C.B :Le projet porte très bien son nom ! J’ai l’impression que mon métier a dix fois plus de sens dans ce contexte que dans les concerts dits « normaux ». Ça m’apporte beaucoup d’émotion et ça aide à l’ouverture d’esprit. Il y a toute une remise en question car on se rend compte que le monde n’est pas tout blanc ou tout noir. Lorsque je regarde les gens autour de moi je me dis que ça peut être n’importe qui et ça ne se lit pas sur le visage. Si jamais on avait des préjugés avant d’arriver en milieu carcéral, ils partent tous.


FdD Francis Kurkdjian : Qu’est-ce que ça touche en vous ?

C.B :J’ai vraiment l’impression que ça réveille l’humanité. Quand on arrive en prison, il y a une part de curiosité qui se demande pourquoi les détenu.e.s sont là. C’est mieux de ne pas le savoir, on évite tout apriori. Peut-être qu’il y aurait une relation différente si on savait ce qu’ils avaient fait. On se rend compte que la présence des détenu.e.s en prison dépend des chemins de vie et que j’aurais pu être à leur place."

FdD Francis Kurkdjian : Qu’est-ce qui vous plaît le plus ?

C.B : “C’est peut-être bête mais on ressent énormément de reconnaissance et ça fait beaucoup de bien. Lorsqu’on fait des concerts, on sait que les gens sont contents, mais dans un contexte différent comme celui-ci on sent que ça déborde d’émotions. J’aime beaucoup le fait qu’on fasse qu’un seul. Détenu.e.s et orchestre forment un groupe qui avance ensemble. Aussi pour l’atelier à Fleury-Mérogis cette année j’ai trouvé que le choix des musiques collait vraiment.”

FdD Francis Kurkdjian : Qu’est-ce que vous déplorez le plus ?

C.B :Qu’il n’y ait pas plus de propositions comme celles-ci et que la prison soit très difficile d’accès. À l’écart des villes, c’est tout un périple pour s’y rendre, d’autant plus que la route est mal indiquée. Malgré tout, j’aimerais réitérer ma participation à ce type de projet.

FdD Francis Kurkdjian : Avez-vous une anecdote ou un souvenir marquant en lien avec le projet ?

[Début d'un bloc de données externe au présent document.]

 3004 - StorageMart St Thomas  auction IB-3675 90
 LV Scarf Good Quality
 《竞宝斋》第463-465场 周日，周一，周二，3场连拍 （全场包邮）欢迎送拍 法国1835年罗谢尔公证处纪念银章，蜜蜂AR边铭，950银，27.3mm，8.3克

C.B :J’ai du mal à choisir qu’une seule anecdote, mais par exemple à l’issue du dernier concert à Fleury-Mérogis en décembre 2023, il y avait beaucoup d’émotion et nous sommes beaucoup à avoir pleuré. Les détenu.e.s ont fait une surprise à Morgane Billet, la cheffe de chœur. À la fin du concert l’un d’entre eux s’est mis à la place de Morgane pour nous diriger et faire les mêmes échauffements que ceux des ateliers. Ce qui est drôle c’est qu’il dirigeait bien alors qu’il n’avait jamais fait ça. Puis lorsque nous étions en train de ranger, une dame du public en demandait encore. On ne savait pas trop si on pouvait continuer, d’autant plus qu’on avait déjà dépassé l’horaire de fin du concert. De là, une trompettiste a repris le dernier thème, suivi par un autre musicien, puis par moi et on s’est tous remis à jouer. Tout le monde dans la salle chantait et dansait. C’était un beau souvenir. Mais je me suis dit “mince”, il y avait un décalage dans l’émotion entre toute cette joie et la situation qui est quand même assez triste. Nous à la fin du concert on rentrait chez nous, eux rentraient dans leur cellule et on ne se verrait probablement plus. Je ne sais pas s’il existe un mot qui nomme cette émotion, mais c’était vraiment très fort.

FdD Francis Kurkdjian : Comment ce projet façonnera votre carrière selon vous ?

C.B :Il me donne envie de me diriger vers les publics empêchés. Malheureusement, ce n’est pas facile, surtout en tant que musicienne indépendante. Je vais continuer à y réfléchir et j’espère trouver de nouvelles occasions.